*** Opening of MATERIAL FOR THE TASK ***

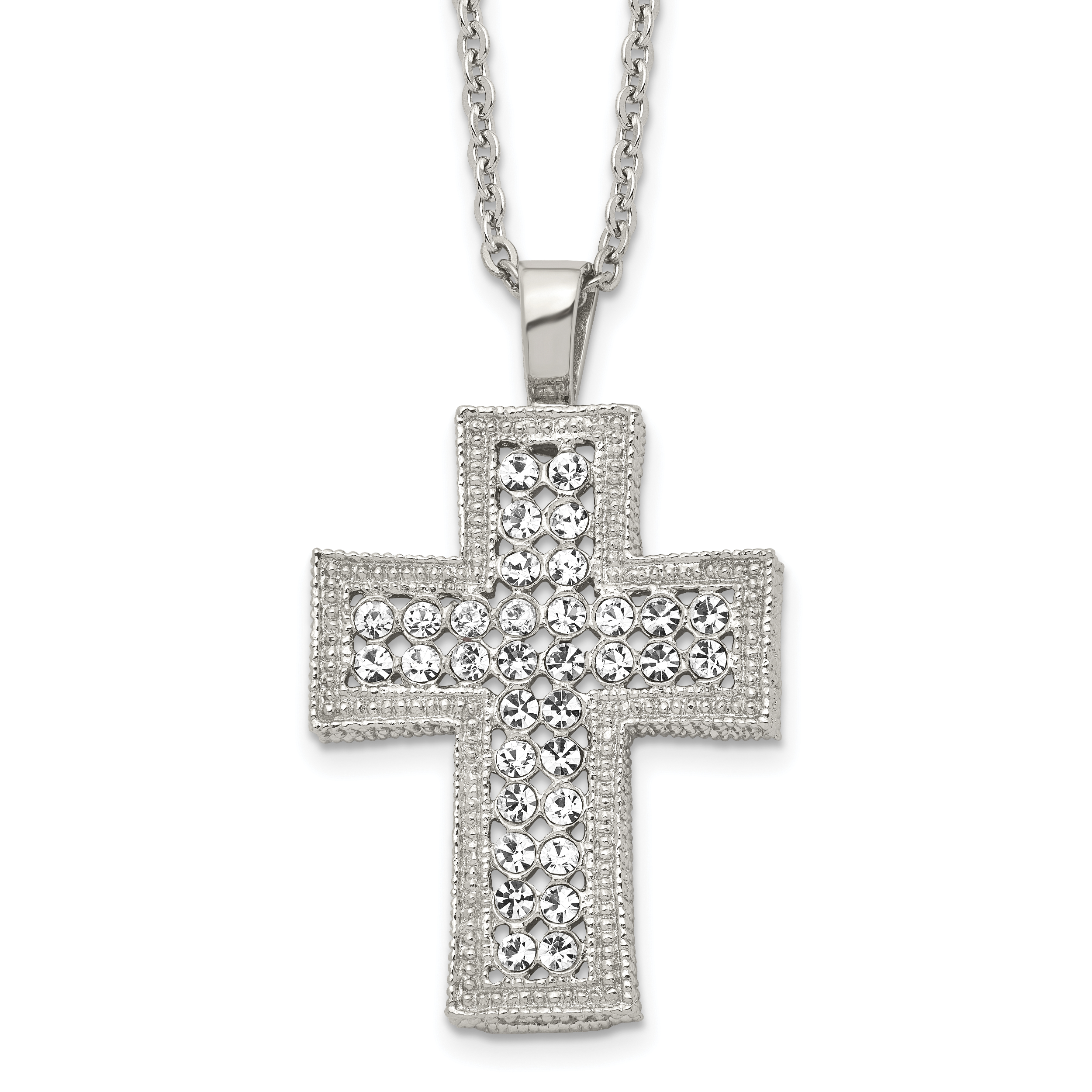Stainless Steel Polished w/Crystal Cross 24in Necklace Main image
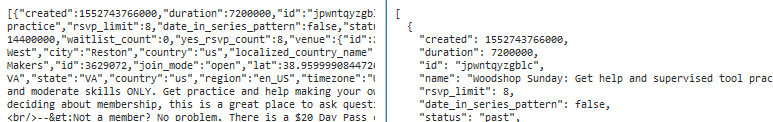 Screenshot of raw JSON event data displayed by a web browser: too much information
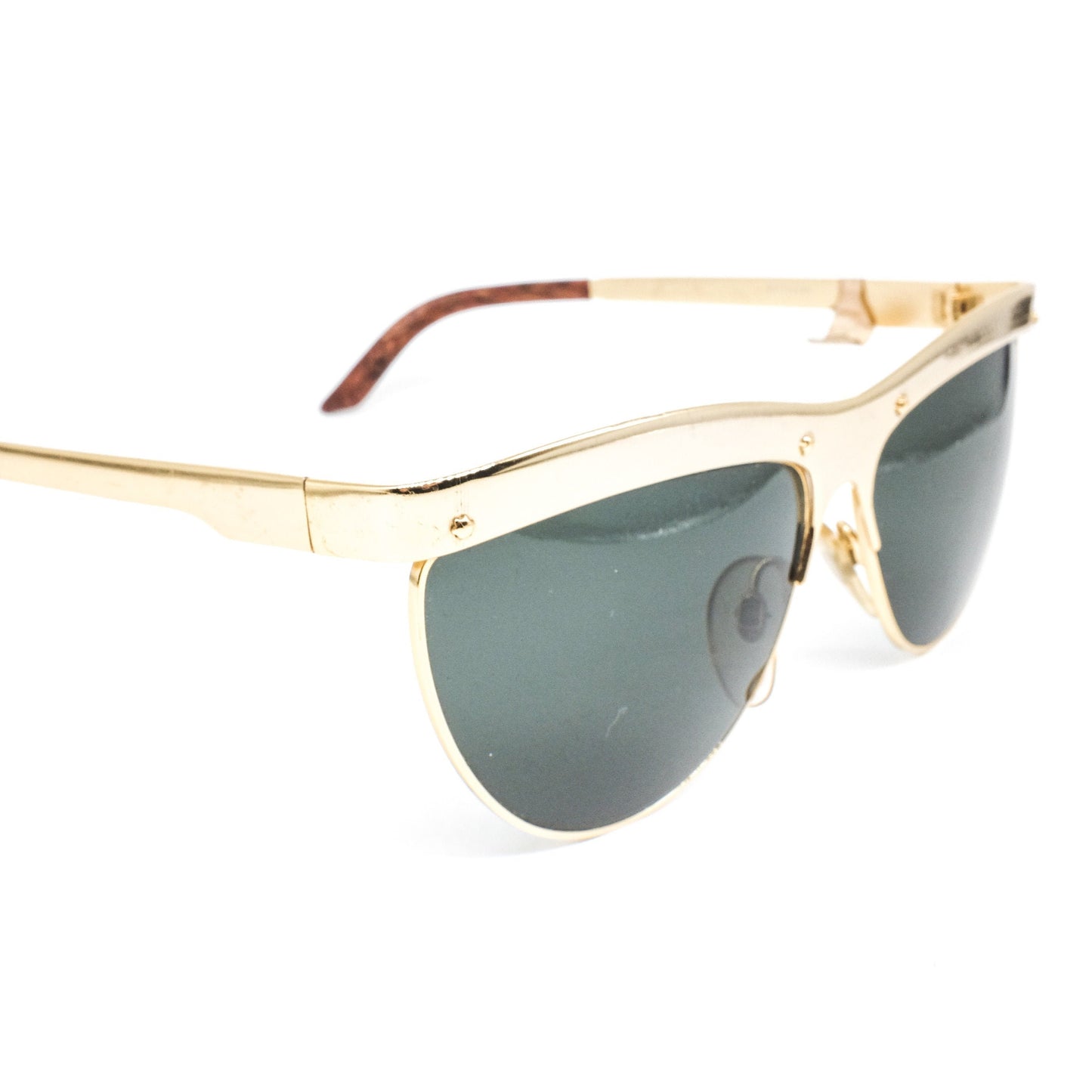 Fiorucci fancy vintage gold satin metallic sunglasses, Made in Italy 1980s NOS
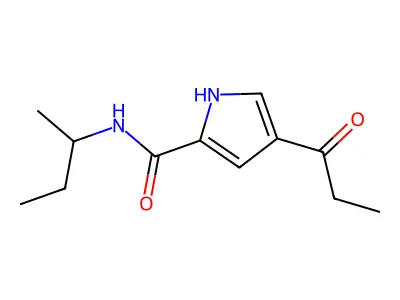 N-(sec-butyl)-4-propionyl-1H-pyrrole-2-carboxamide structure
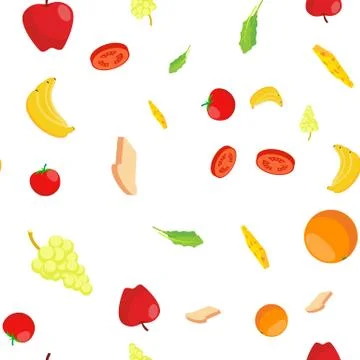 Eco Food Seamless Pattern Vector. Healthy Vegetarian Diet. Cute Graphic Texture Stock Illustration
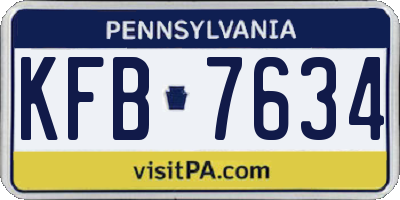 PA license plate KFB7634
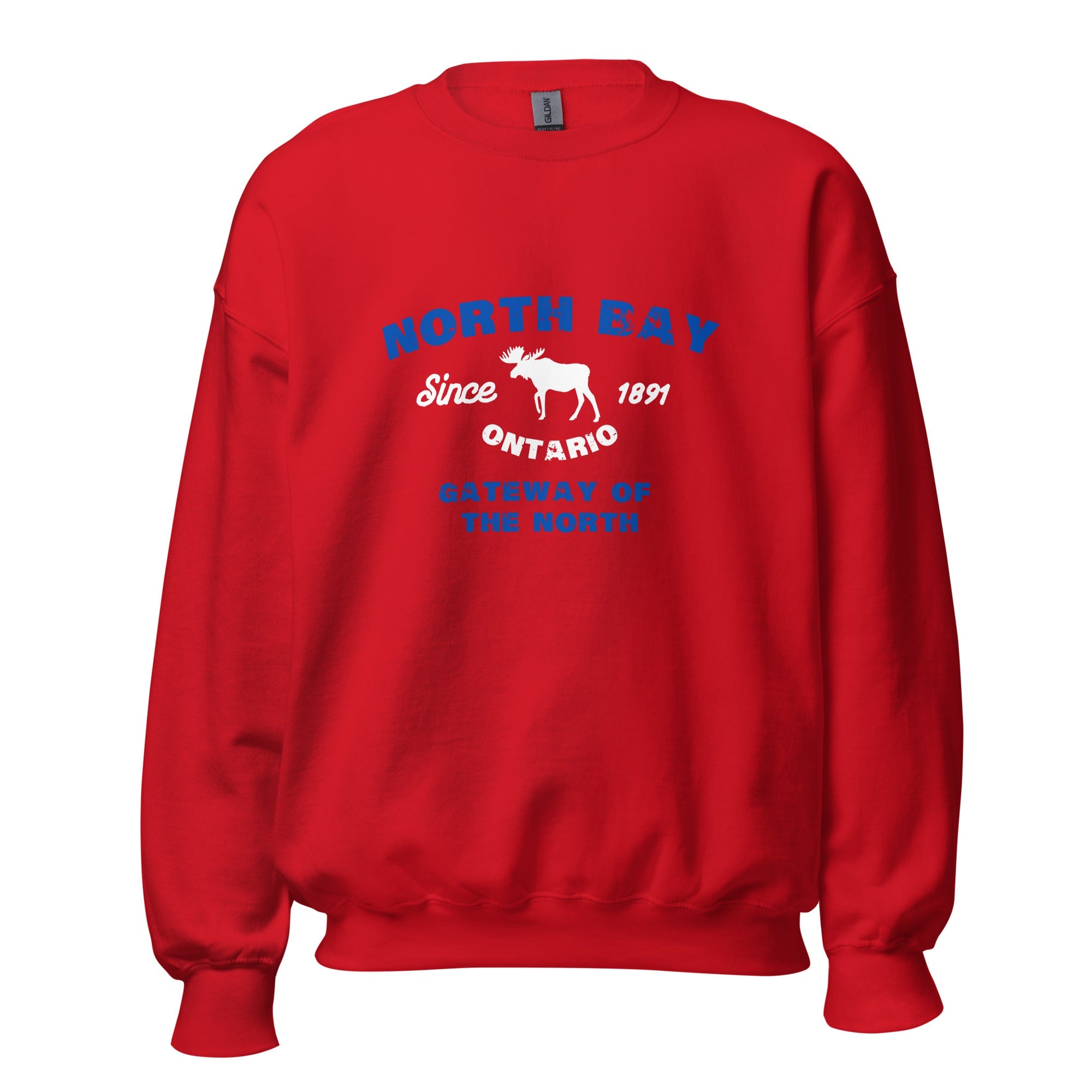 Canadian City Sweatshirt, North Bay, Ontario, Moose Design, Gateway of the North, Men's Sweatshirt Blue Font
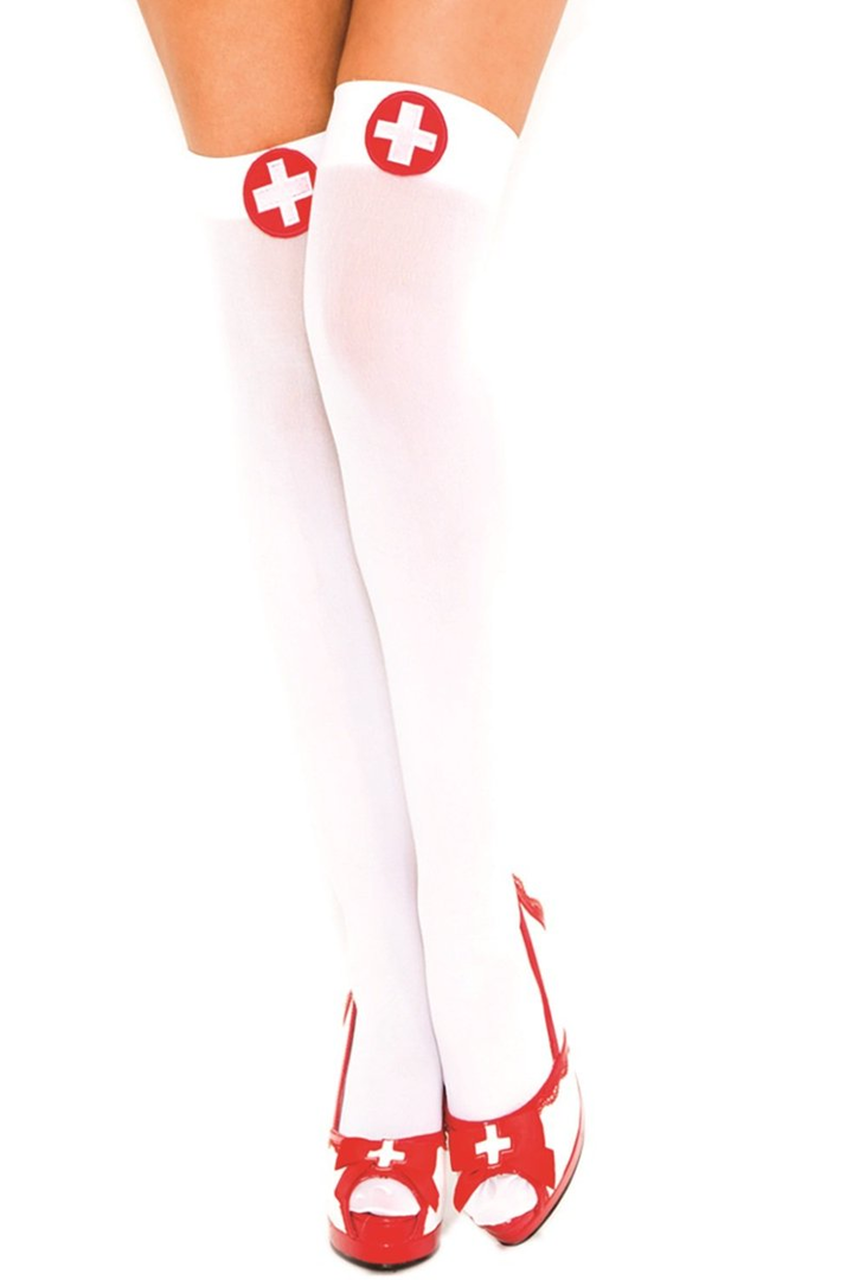 White Thigh High Stockings with White Nurse Cross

*** Close of MATERIAL FOR THE TASK ***

WORK TO COMPLETE:
Only the lines from the one with "Screenshot of raw" through the end of the listing should be transcribed, exactly and without pictures.

TASK RESULT:
 Screenshot of raw JSON event data displayed by a web browser: too much information
 Fiorucci fancy vintage gold satin metallic sunglasses, Made in Italy 1980s NOS
 N-(sec-butyl)-4-propionyl-1H-pyrrole-2-carboxamide structure
 Eco Food Seamless Pattern Vector. Healthy Vegetarian Diet. Cute Graphic Texture Stock Illustration
 PA license plate KFB7634
 Canadian City Sweatshirt, North Bay, Ontario, Moose Design, Gateway of the North, Men's Sweatshirt Blue Font
 White Thigh High Stockings with White Nurse Cross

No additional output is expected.